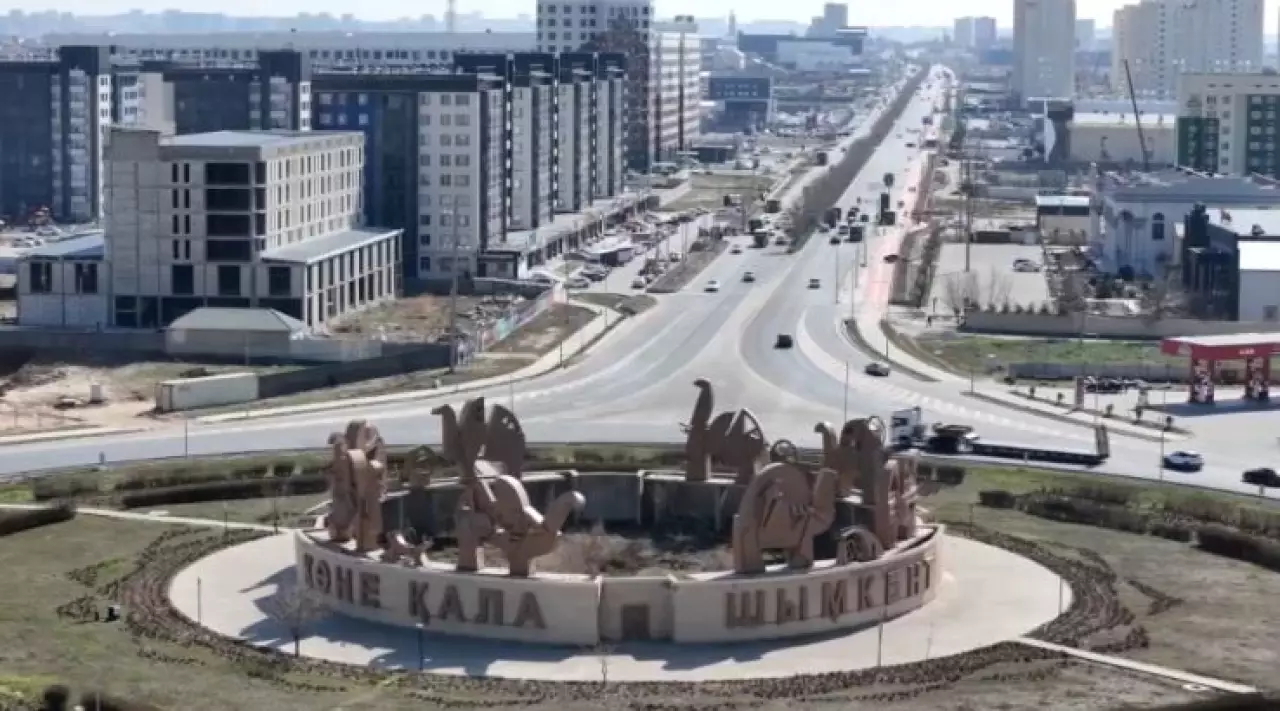 Заседание Евразийского межправительственного совета прошло в Шымкенте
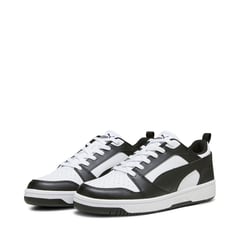 PUMA - Zapatillas urbanas Hombre Rebound v6 Low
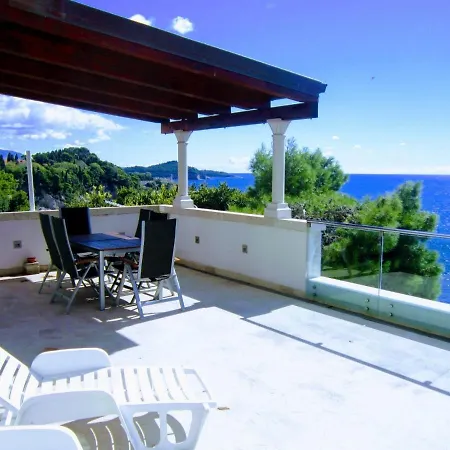 Apartment Azure Dubrovnik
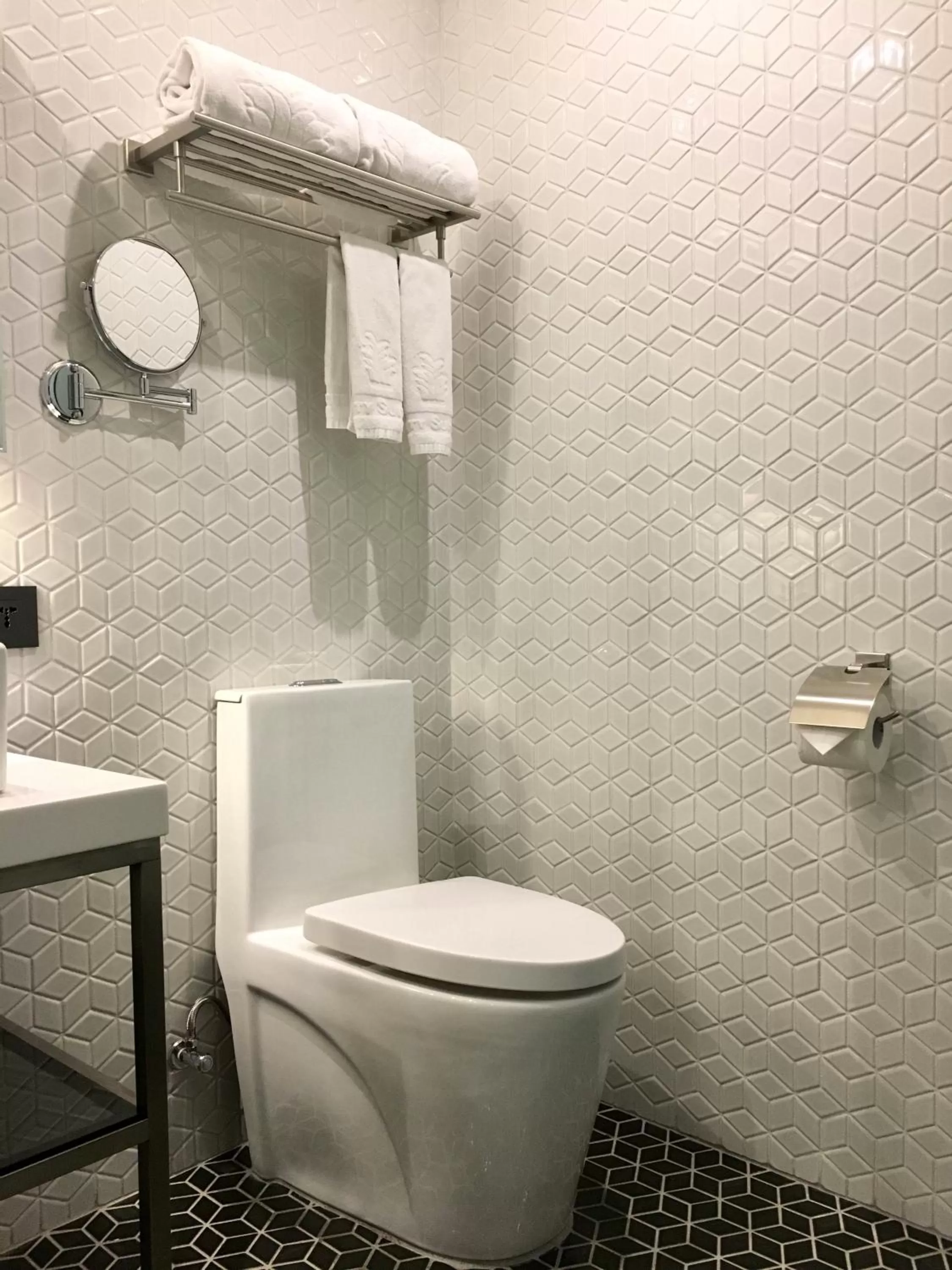 City Suites - Taipei Nandong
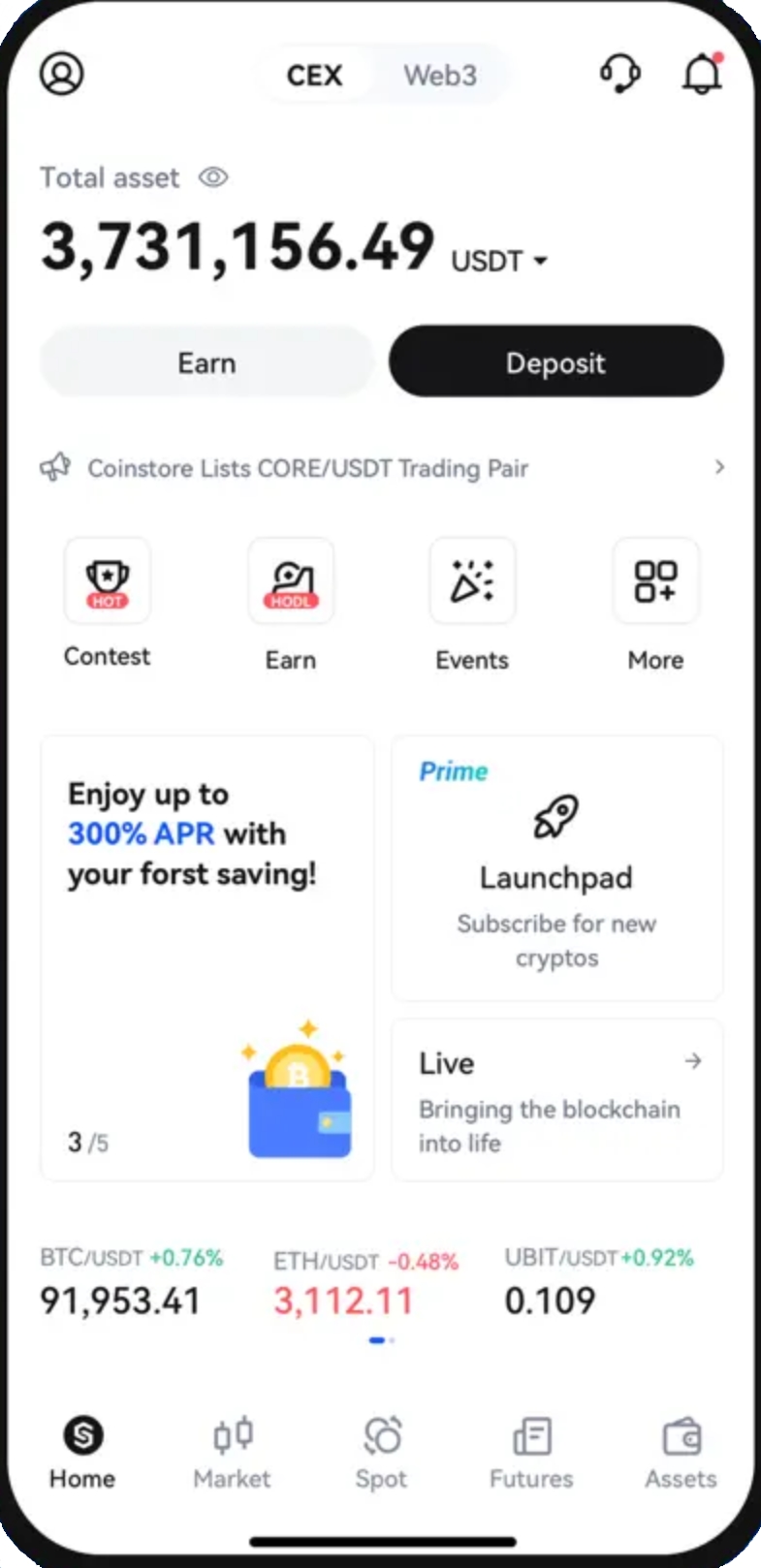 RatorkBit App - O que exatamente é negociação on-line?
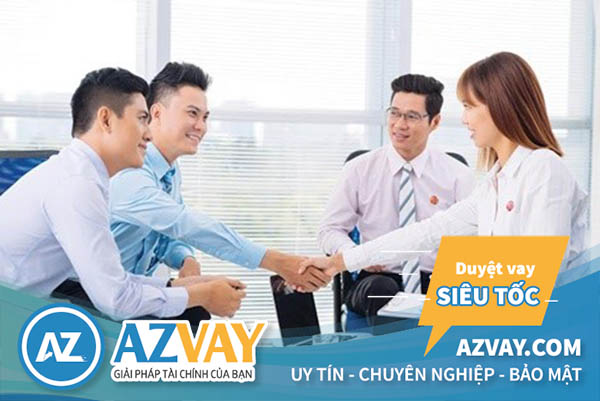 Điều kiện, thủ tục vay vốn ngân hàng Bản Việt đơn giản Điều kiện, thủ tục vay vốn ngân hàng Bản Việt đơn giản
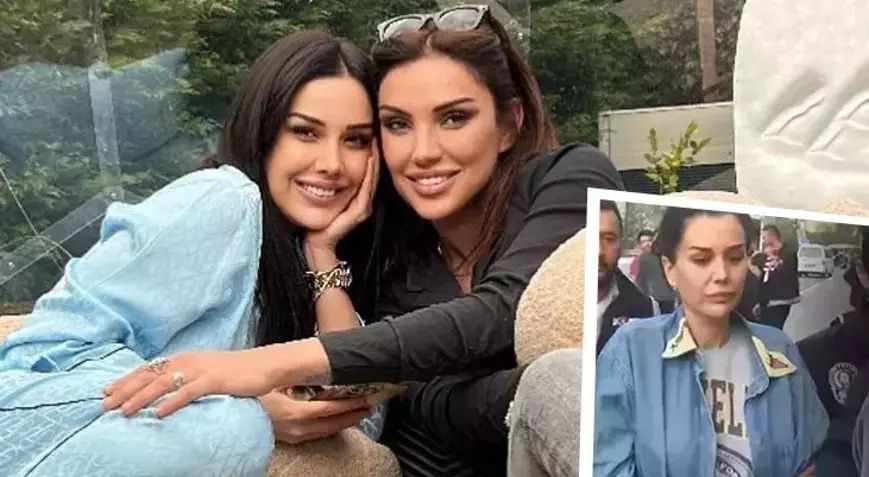 Fenomen Emure skandalı! Emine Şahin'in küçük kızı dudaklarından öptüğü video büyük tepki çekti: Bakanlık ve emniyete çağrı yapılıyor 5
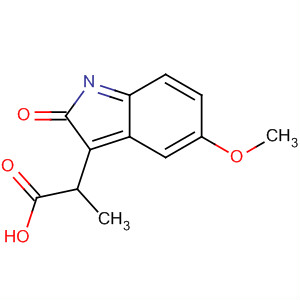 17536-42-4  1H-Indole-3-propanoic acid, 5-methoxy-a-oxo-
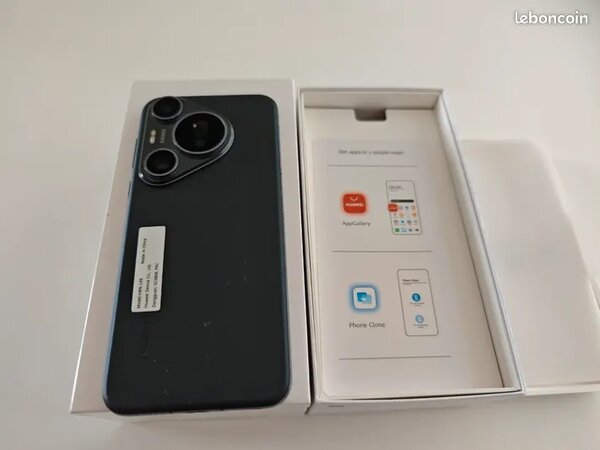 Huawei Pura70 Pro Smartphone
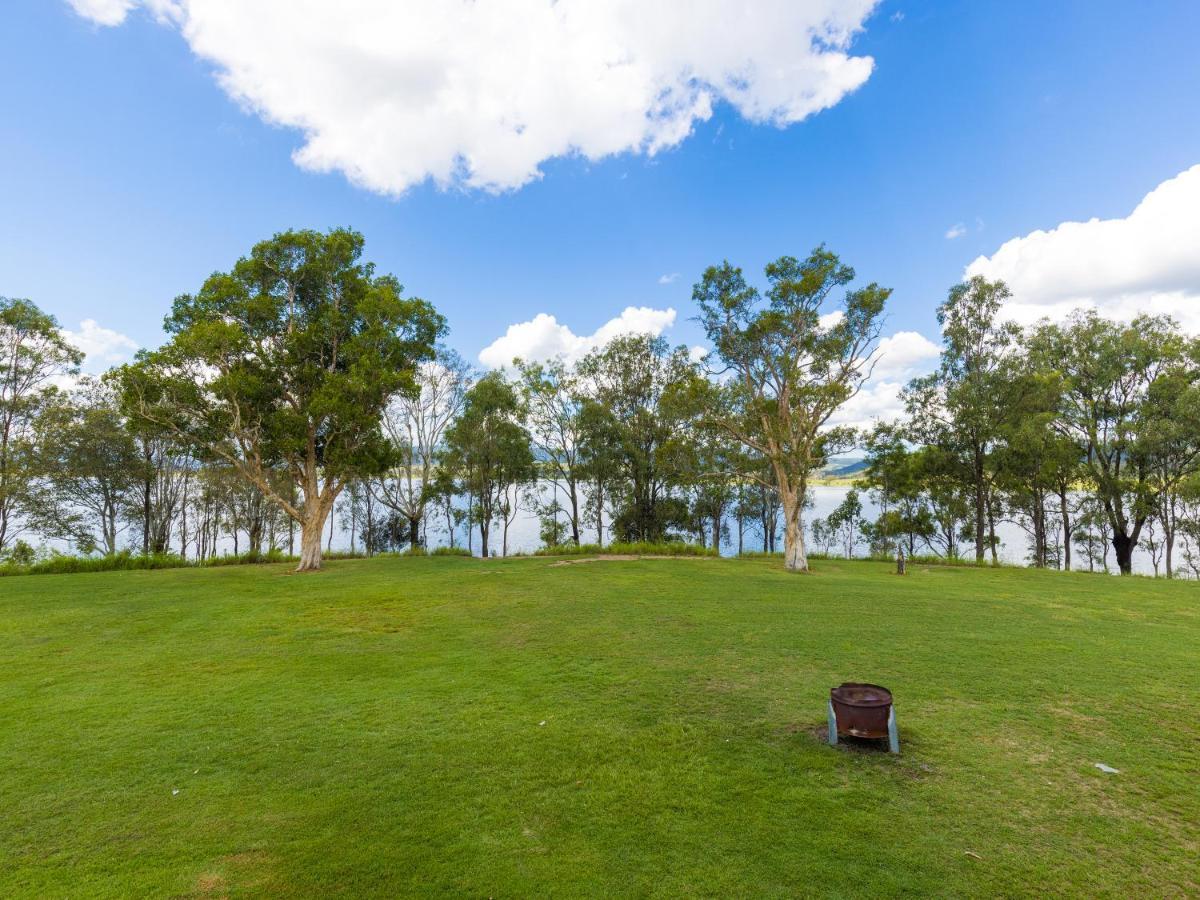 Nrma Lake Somerset Holiday Park Kilcoy Esterno foto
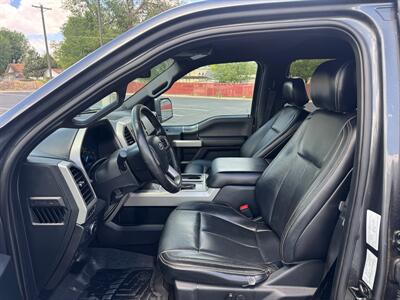 2019 Ford F-150 LARIAT - Photo 8 - Lehi, UT 84043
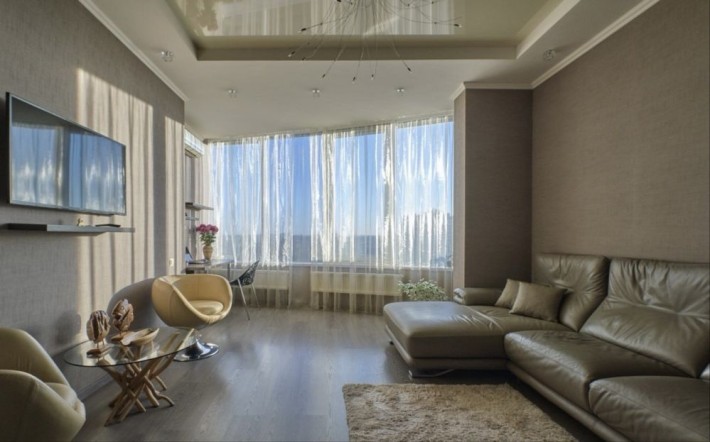 Реальная евродвушка на Ботаническом Саду, Павлово Поле, ЖК Мир - фото 1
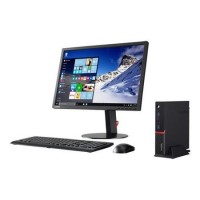 Lenovo ThinkCentre M900 10FM Core i5-6500T 2.5GHz 4GB 128GB SSD Windows 7 Professional Desktop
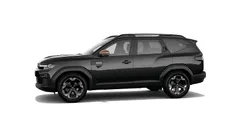 Gebraucht 2025 Dacia Bigster Extreme SUV | 33.869 € (Fairer Preis)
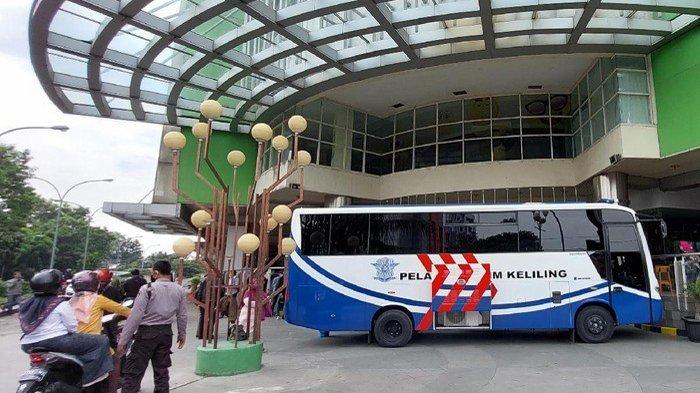 Jadwal SIM Dan Samsat Keliling Pontianak Rabu 16 November 2022, Cek Rincian Biaya Perpanjang SIM!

_ _ _ _ _

Each line from the one containing "Nrma Lake Somerset" through the last line of the data should be written out exactly. Skip the pictures, and add no other lines.

 Nrma Lake Somerset Holiday Park Kilcoy Esterno foto
 2019 Ford F-150 LARIAT - Photo 8 - Lehi, UT 84043
 Реальная евродвушка на Ботаническом Саду, Павлово Поле, ЖК Мир - фото 1
 Lenovo ThinkCentre M900 10FM Core i5-6500T 2.5GHz 4GB 128GB SSD Windows 7 Professional Desktop
 Gebraucht 2025 Dacia Bigster Extreme SUV | 33.869 € (Fairer Preis)
 Jadwal SIM Dan Samsat Keliling Pontianak Rabu 16 November 2022, Cek Rincian Biaya Perpanjang SIM!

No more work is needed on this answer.